Plug Power Inc.

11/08/2024 | Press release | Distributed by Public on 11/08/2024 05:13

Supplemental Prospectus - Form 424B5

tm2427835-1_424b5 - none - 1.4218827s
 Filed Pursuant to Rule 424(b)(5)​
 Registration No. 333-265488​
PROSPECTUS SUPPLEMENT NO. 2
(To Prospectus dated June 8, 2022 and
Prospectus Supplement dated January 17, 2024 and
Prospectus Supplement No. 1 dated February 23, 2024)
$1,000,000,000
Common Stock
This prospectus supplement no. 2 (this "prospectus supplement no. 2") is being filed to update, amend and supplement certain information in the prospectus supplement, dated and filed with the Securities and Exchange Commission on January 17, 2024 (the "prospectus supplement") and amendment no. 1 to the prospectus supplement dated and filed with the Securities and Exchange Commission on February 23, 2024 (the "prospectus supplement no. 1"), relating to the offer and sale of shares of our common stock having an aggregate gross sales price of up to $1,000,000,000, from time to time through or to B. Riley Securities, Inc. ("B. Riley Securities"), as sales agent or principal, pursuant to the At Market Issuance Sales Agreement, dated January 17, 2024 (the "Original Sales Agreement"), as amended by Amendment No. 1 to the At Market Issuance Sales Agreement, dated February 23, 2024 (together with the Original Sales Agreement, the "Sales Agreement"), with B. Riley Securities. This prospectus supplement no. 2 should be read in conjunction with the prospectus supplement and prospectus supplement no. 1.

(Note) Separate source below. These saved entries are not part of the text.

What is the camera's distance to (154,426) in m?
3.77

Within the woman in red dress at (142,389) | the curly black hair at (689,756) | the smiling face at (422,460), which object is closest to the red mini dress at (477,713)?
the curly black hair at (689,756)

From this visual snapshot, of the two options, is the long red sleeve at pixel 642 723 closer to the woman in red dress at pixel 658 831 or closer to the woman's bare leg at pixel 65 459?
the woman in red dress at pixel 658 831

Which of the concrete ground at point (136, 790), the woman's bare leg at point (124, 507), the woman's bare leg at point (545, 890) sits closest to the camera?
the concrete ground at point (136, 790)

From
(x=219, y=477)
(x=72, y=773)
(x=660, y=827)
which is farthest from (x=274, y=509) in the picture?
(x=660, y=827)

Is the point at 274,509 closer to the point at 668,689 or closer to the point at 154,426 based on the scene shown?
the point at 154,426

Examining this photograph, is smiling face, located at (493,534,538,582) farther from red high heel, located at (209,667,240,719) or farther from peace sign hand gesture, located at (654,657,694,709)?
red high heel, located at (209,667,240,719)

As of the date of this prospectus supplement no. 2, we have offered and sold 219,835,221 shares of our common stock having an aggregate gross sales price of approximately $677,245,001 under the Sales Agreement and shares of our common stock having an aggregate gross sales price of $624,828,005 remain available for issuance and sale under the Sales Agreement.

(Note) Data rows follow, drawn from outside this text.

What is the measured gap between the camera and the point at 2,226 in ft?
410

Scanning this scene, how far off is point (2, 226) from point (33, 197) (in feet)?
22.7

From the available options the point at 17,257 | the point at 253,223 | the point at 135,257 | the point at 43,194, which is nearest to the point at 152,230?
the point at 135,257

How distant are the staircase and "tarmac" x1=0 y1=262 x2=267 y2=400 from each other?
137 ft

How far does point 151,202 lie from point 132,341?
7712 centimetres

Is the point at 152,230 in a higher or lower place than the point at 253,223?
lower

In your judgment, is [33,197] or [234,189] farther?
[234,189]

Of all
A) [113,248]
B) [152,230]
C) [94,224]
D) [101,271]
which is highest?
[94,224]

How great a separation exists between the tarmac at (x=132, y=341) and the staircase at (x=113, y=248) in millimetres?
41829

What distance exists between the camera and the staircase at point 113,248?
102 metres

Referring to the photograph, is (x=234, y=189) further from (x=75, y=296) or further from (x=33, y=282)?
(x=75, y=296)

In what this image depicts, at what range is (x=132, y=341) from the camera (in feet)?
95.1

On November 7, 2024, we entered into Amendment No. 2 to the At Market Issuance Sales Agreement ("Amendment No. 2" and together with the Sales Agreement, the "Amended Sales Agreement") with B. Riley Securities. Amendment No. 2 increased the aggregate gross sales price of the Company's common stock we may offer and sell pursuant to the Amended Sales Agreement by $375,171,995 to $1,000,000,000.

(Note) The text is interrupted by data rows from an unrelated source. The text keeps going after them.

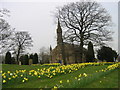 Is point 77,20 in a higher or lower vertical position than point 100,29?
higher

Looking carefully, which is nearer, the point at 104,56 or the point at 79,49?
the point at 79,49

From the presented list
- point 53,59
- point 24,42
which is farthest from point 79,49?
point 53,59

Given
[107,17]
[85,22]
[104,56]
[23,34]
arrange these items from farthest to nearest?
[104,56] → [23,34] → [85,22] → [107,17]

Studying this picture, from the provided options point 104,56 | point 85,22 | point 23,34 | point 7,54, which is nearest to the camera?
point 85,22

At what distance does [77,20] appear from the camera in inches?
941

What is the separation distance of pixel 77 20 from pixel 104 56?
23627 millimetres

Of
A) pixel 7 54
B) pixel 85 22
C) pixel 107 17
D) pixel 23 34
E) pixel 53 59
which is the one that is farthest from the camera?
pixel 53 59

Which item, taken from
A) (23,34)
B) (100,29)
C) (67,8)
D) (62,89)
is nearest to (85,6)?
(67,8)

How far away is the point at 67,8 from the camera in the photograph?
2381 cm

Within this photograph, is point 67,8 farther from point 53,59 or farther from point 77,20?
point 53,59

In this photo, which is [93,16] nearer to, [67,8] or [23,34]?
[67,8]

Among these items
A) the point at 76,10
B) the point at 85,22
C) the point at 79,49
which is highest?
the point at 76,10

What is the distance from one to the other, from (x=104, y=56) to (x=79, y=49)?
23144 millimetres

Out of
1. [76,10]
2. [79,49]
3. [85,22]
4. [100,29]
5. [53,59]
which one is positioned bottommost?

In addition, Amendment No. 2 provides that from and after the date hereof, through and including February 7, 2025, we will have the right, but not the obligation, from time to time at our sole discretion, to direct B. Riley Securities on any day to act on a principal basis and purchase from us $11,000,000 (the "Maximum Commitment Advance Purchase Amount"), and to purchase in principal transactions (including any shares sold by B. Riley Securities in agency transactions) in any calendar week up to $55,000,000 (the "Maximum Commitment Advance Purchase Amount Cap"), subject to certain conditions. If our market capitalization is less than $1,000,000,000 on and after February 8, 2025, the Maximum Commitment Advance Purchase Amount shall be decreased to $10,000,000 and the Maximum Commitment Advance Purchase Amount Cap shall be decreased to $30,000,000.
This prospectus supplement no. 2 should be read in conjunction with the prospectus supplement and prospectus supplement no. 1, and is qualified by reference thereto. Unless otherwise indicated, all other information included in the prospectus supplement, as amended by prospectus supplement no. 1, that is not inconsistent with the information set forth in this prospectus supplement no. 2 remains unchanged. This prospectus supplement no. 2 is not complete without, and may only be delivered or utilized in connection with, the prospectus supplement, prospectus supplement no. 1 and any other future amendments or supplements thereto.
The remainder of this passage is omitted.